Mr McKeeve subsequently apologised and referred himself to the Solicitors Regulation Authority.

Adam Johnson J considered his apology to be genuine but found: “Although he accepted that he had been guilty of a serious error of judgment, Mr McKeeve did not feel able to admit liability for contempt in any form… he exhibited an almost visceral reaction to the idea of it.

“Although conscious that he had done something wrong, Mr McKeeve could not quite bring himself to accept that what he had done wrong might amount to a contempt of court.”

This mindset “coloured parts of his evidence”, the judge went on. “At times I considered him to be unduly defensive and unwilling to accept the obvious… Thus, although I did not regard Mr McKeeve as a deliberately dishonest witness, I do not feel able to accept all the evidence he gave.

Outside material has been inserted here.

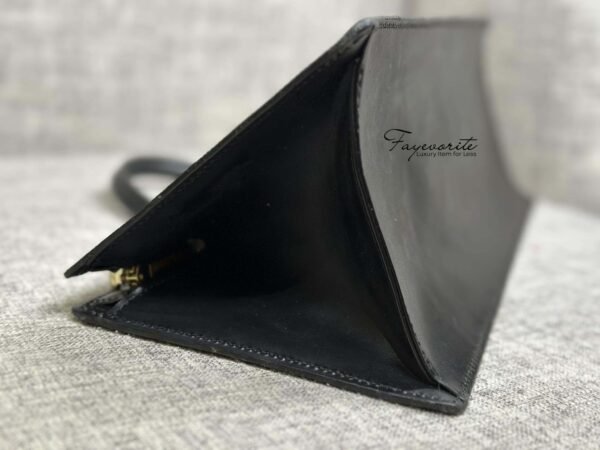 PRELOVED Louis Vuitton Epic Sac Triangle - Image 7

“In my judgment, his genuine sense of shame and embarrassment, perhaps taken together with the passage of time and the fact (which I accept) that the key events unfolded at high speed, have led to his recollection becoming distorted.”

Mr McKeeve’s case was that he had no idea what the search order related to or what in practice it meant but was “immediately concerned” about the fact the name of his wife – the at the time newly elected Brexit Party MEP Belinda de Luce – had been used on 3CX as an alias for a senior Ocado employee who had helped TDP and was on gardening leave ahead of joining it.

“My gut reaction was to try to protect Belinda and my sole concern was to avoid having my wife dragged into a potentially embarrassing, high-profile investigation, where her name had been used without her consent and without her knowledge,” he said in earlier proceedings.

Mr Justice Marcus Smith originally held that there was not a prima facie case to commit Mr McKeeve, a decision overturned by the Court of Appeal last year.

Adam Johnson J found him guilty on one of the four grounds put forward, namely that he intentionally interfered with the due administration of justice by intentionally causing the destruction of documentary material on an electronic data storage device as defined by the search order.

He rejected the argument that Mr McKeeve did not intend to interfere with the administration of justice because he did not intend to interfere with the ultimate resolution of the underlying dispute, thinking there was nothing relevant on the app.

“To my mind, however, this relies on too narrow a conception of what is meant by the due administration of justice,” Adam Johnson J said.

“It not only encompasses the eventual outcome of a dispute or trial being compromised. It also encompasses the principle that the purpose of interlocutory orders made by the court pending trial should not be undermined.”

The judge described as “implausible” the idea that Mr McKeeve was party to a pre-arranged plan to delete the 3CX app in such circumstances.

“Involvement in such a conspiracy would have involved an enormous risk for Mr McKeeve, an experienced and successful solicitor.

“It is difficult to see what motive Mr McKeeve would have had to assume such a level of risk for a sole client, when he had a thriving practice as a finance specialist which plainly motivated him and which he was proud of.”

The judge accepted that “a concern over his wife’s position was a motivating factor for him at the time”, reflecting a “wider sense of frustration” Mr McKeeve felt about his clients’ “irresponsible behaviour” as well as “a sense of frustration and annoyance at himself for having permitted the line between his personal and professional lives to have become blurred”.

Adam Johnson J went on: “He saw this mix of factors presenting a potential source of embarrassment to his wife and possibly to himself.

“Mr McKeeve is a direct and forceful man and he wanted to do something about it. His solution, which I accept was arrived at impulsively, was to get rid of the 3CX App…

“His act was not inspired by a conspiracy; instead, as it seems to me, it was Mr McKeeve’s own spontaneous act of colossal stupidity.”

But motive was different from intention, the judge stressed, and he was satisfied that the solicitor’s intention was to take steps to put the 3CX app out of reach to those conducting the search permitted by the order.

The judge adjourned consideration of the sanction and costs.

An Ocado spokesman said: “We felt compelled to bring this solicitor’s conduct to the attention of the court as it was the right thing to do. Ocado has been vindicated in its decision to do so.

“We welcome the judgment but take no joy in it. It is regrettable that a solicitor failed in his duty to uphold the administration of justice and was found to be in criminal contempt of court.”